Banana production has increased over the years from 6.5 metric tonnes in 2018 to 8.3 metric tonnes in 2019, according to data from the Uganda Bureau of Statistics. Farmers enjoy more income from recycling their banana waste and produce more than 30,000 square metres of carpet each year. For their part, local artisans are experimenting with ways to turn banana fibre into hair extensions and cotton-like fabrics suitable for the clothing and fashion industry.

In this way, banana production would become a very profitable business in Africa. Everything can be recovered and recycled. Investing in the banana sector today is becoming a source of job creation and innovation. The banana market is very prolific, given the high demand for this product worldwide. There is a strong demand for banana products, such as crisps, banana juice, banana beer (in high demand in Rwanda) and banana jams, which are produced in Africa and also exported outside the continent.

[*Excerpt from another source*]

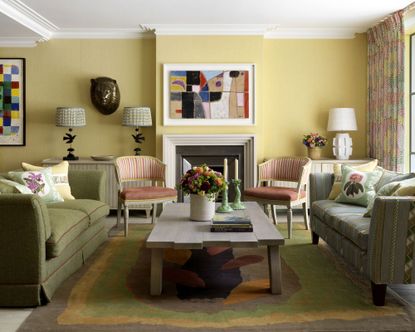 lighting a living room with green sofas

The benefits of investing in the banana industry in Africa are enormous. The banana is becoming a very promising business idea. In addition to earning from the sale of fresh bananas, banana growers also have the advantage of earning from the sale of banana plant waste, which once recycled is also a source of income.

This country is considered the second largest producer and consumer of bananas in the world, with annual production exceeding 10 million tonnes. More than 75% of the population depends on bananas as a staple food and banana production contributes 28% of the gross domestic product.